Only the lines below from the one containing "Jacobs Cafe Selection kapsle" through the one containing "Table for Two cover art" belong in the answer, repeated exactly and without pictures.

_Given information_
* * *
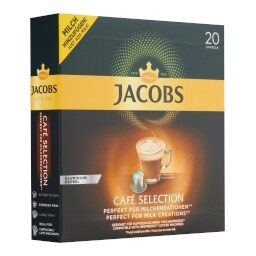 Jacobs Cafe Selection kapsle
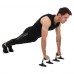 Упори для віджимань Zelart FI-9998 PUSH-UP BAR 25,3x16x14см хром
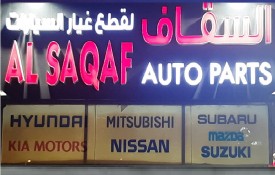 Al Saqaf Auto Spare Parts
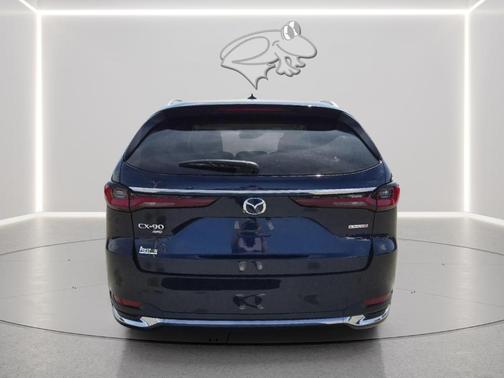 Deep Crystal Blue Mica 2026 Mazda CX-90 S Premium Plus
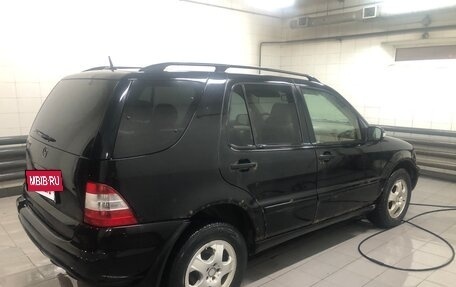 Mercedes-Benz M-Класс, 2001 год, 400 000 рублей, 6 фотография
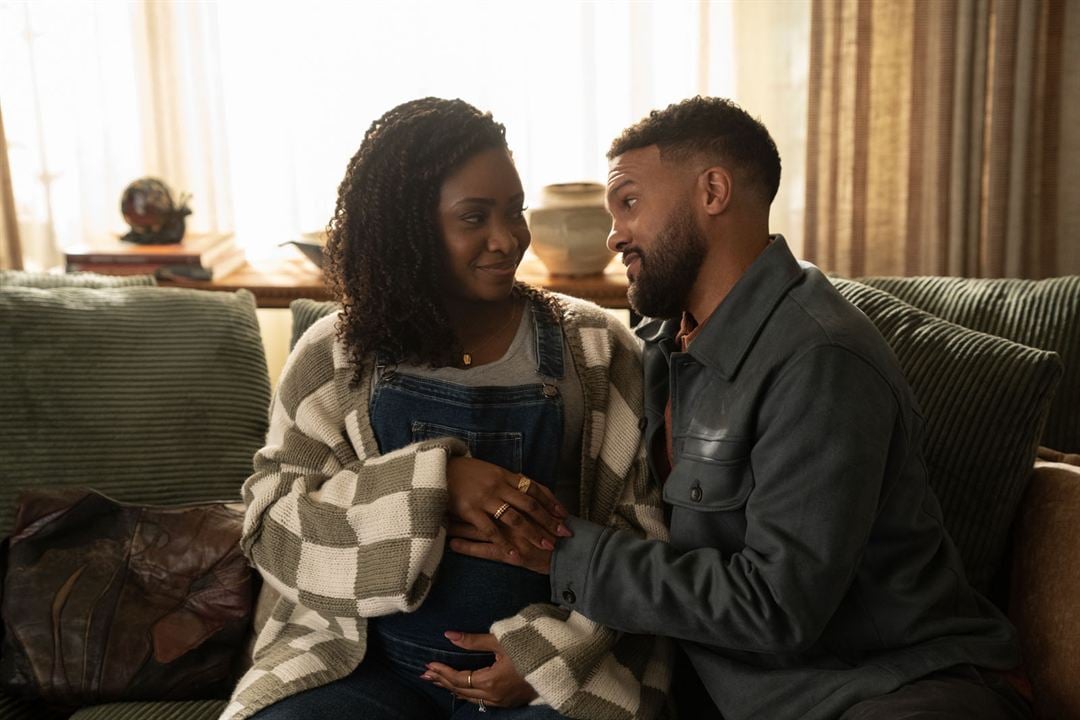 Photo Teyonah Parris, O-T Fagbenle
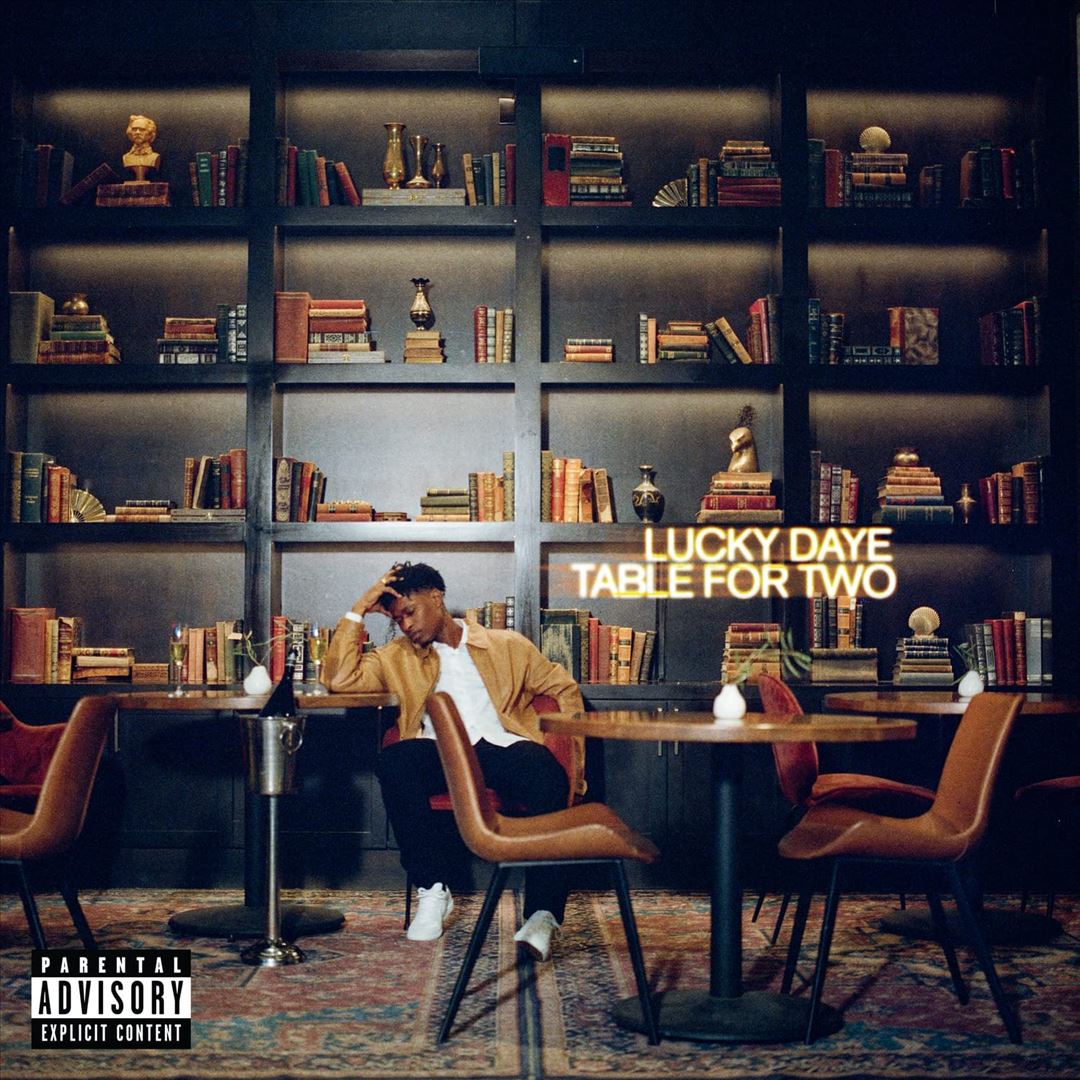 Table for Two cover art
* * *
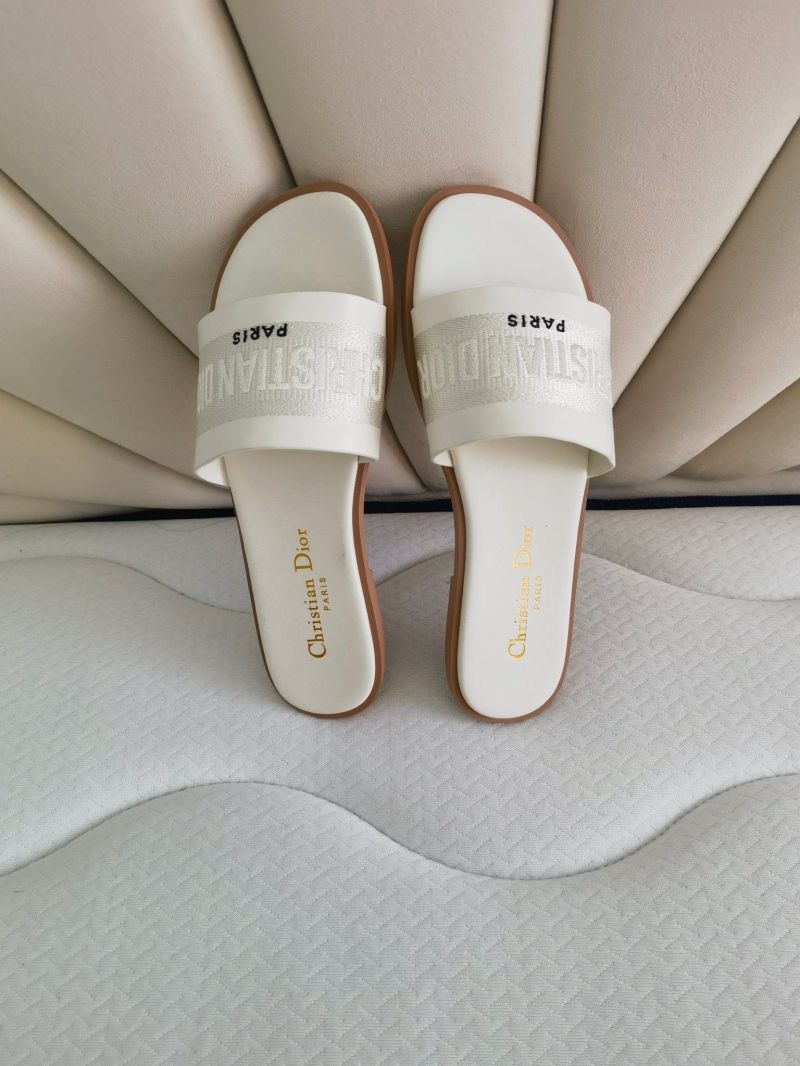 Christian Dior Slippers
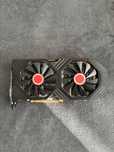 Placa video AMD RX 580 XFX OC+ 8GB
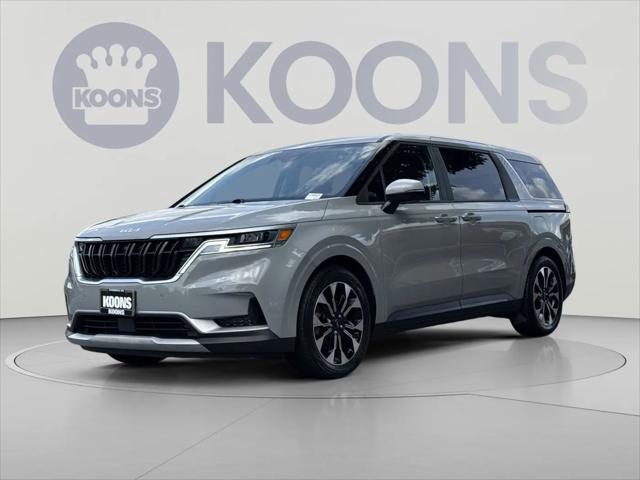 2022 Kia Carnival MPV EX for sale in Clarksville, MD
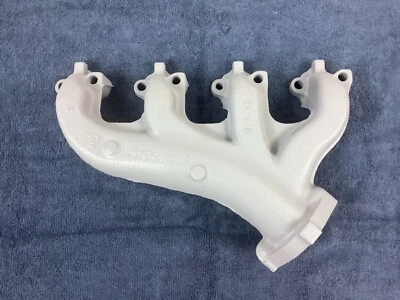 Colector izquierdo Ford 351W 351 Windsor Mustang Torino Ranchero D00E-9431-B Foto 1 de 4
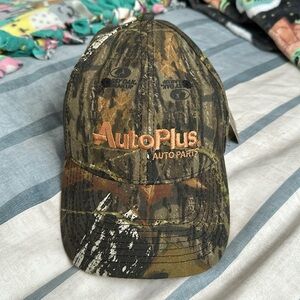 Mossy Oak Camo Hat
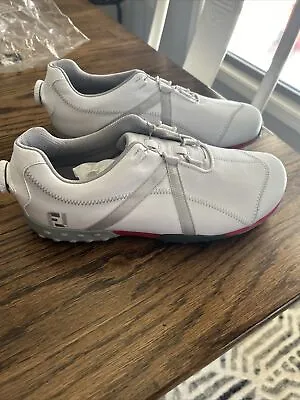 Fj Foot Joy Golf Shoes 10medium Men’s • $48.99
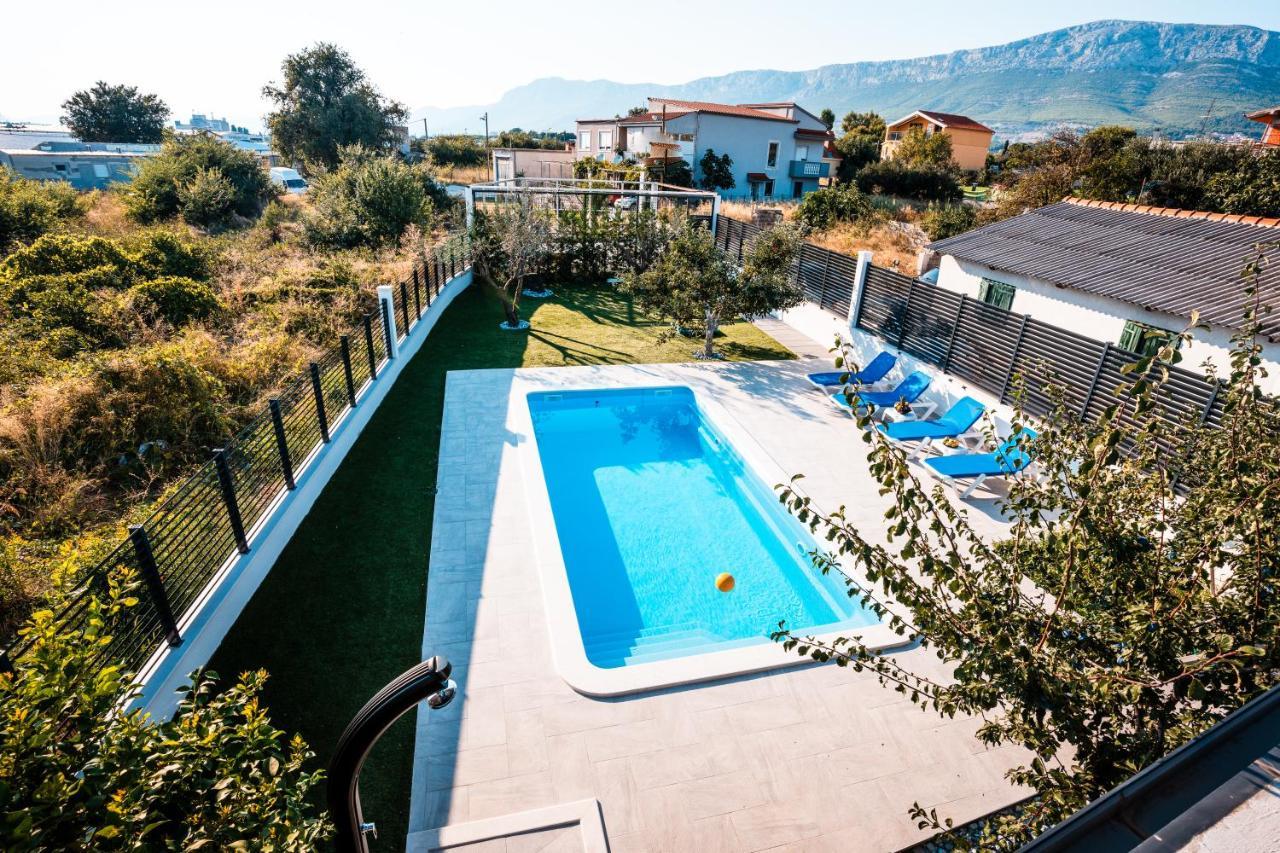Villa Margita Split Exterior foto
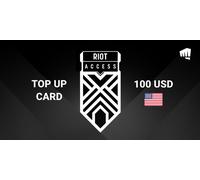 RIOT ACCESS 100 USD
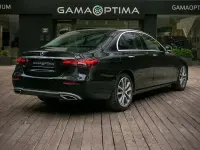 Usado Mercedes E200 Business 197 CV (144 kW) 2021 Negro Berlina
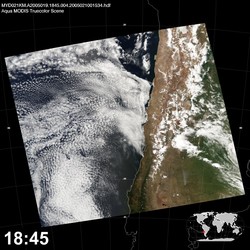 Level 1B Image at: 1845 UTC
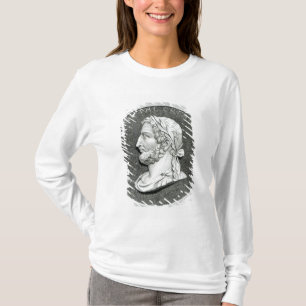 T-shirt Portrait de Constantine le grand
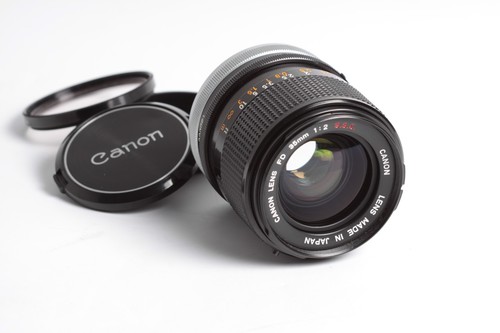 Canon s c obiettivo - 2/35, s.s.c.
* * *
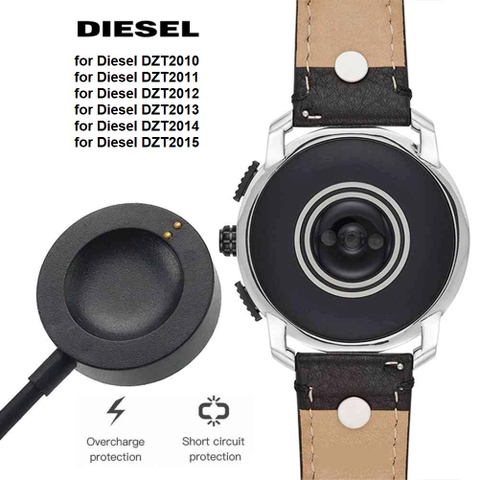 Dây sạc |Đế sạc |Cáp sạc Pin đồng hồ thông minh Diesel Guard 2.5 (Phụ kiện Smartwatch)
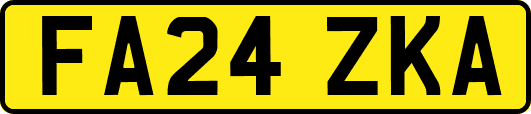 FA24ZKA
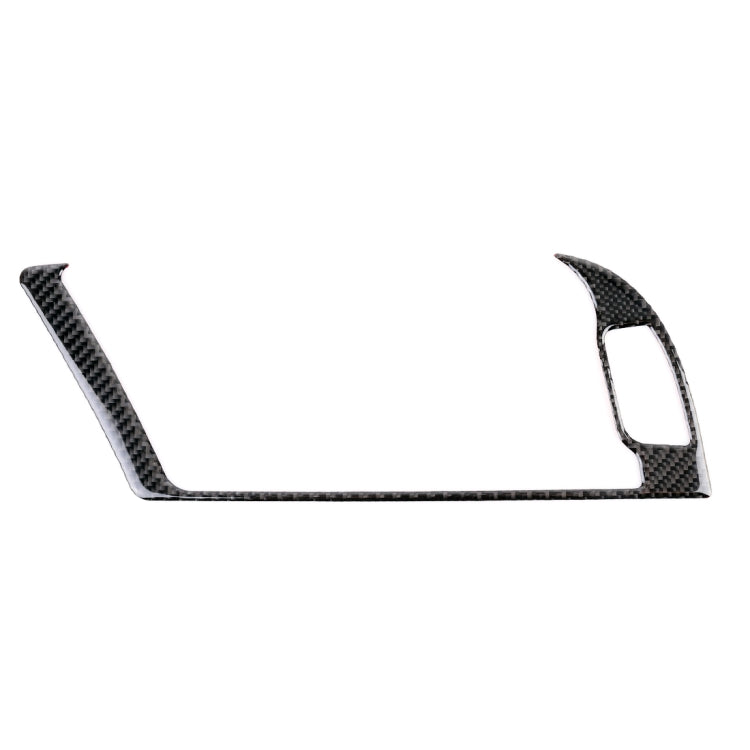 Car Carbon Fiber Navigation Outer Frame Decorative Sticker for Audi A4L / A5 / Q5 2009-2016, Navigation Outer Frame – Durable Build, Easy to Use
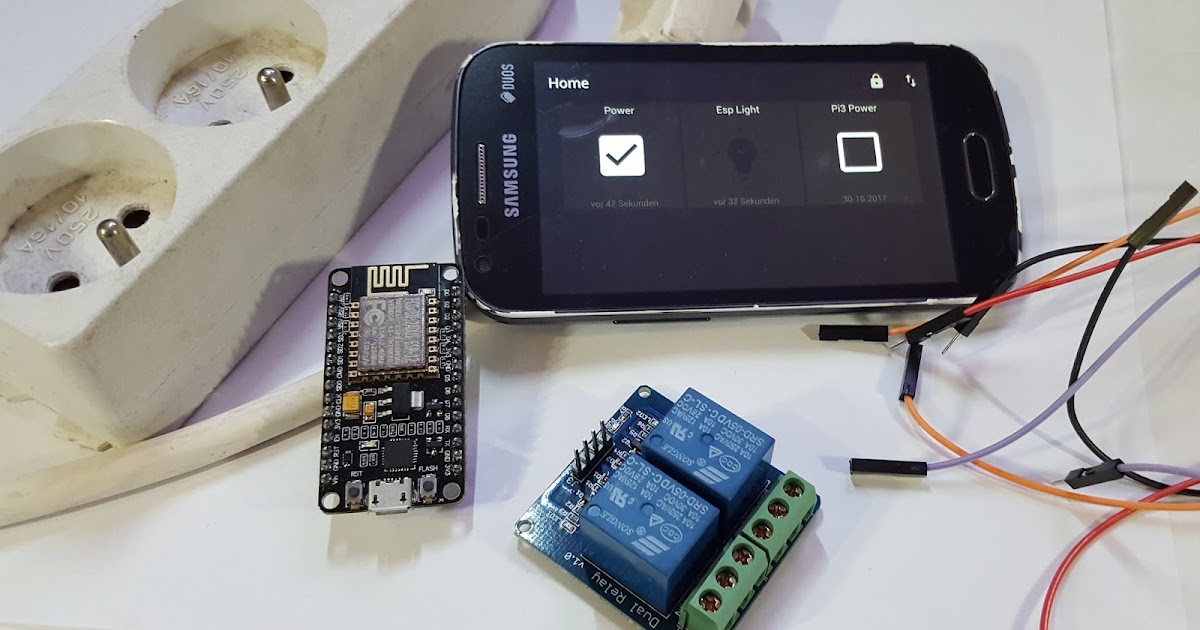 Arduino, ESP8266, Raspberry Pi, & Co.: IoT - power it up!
* * *
_Response box_
 Jacobs Cafe Selection kapsle
 Упори для віджимань Zelart FI-9998 PUSH-UP BAR 25,3x16x14см хром
 Al Saqaf Auto Spare Parts
 Deep Crystal Blue Mica 2026 Mazda CX-90 S Premium Plus
 Mercedes-Benz M-Класс, 2001 год, 400 000 рублей, 6 фотография
 Photo Teyonah Parris, O-T Fagbenle
 Table for Two cover art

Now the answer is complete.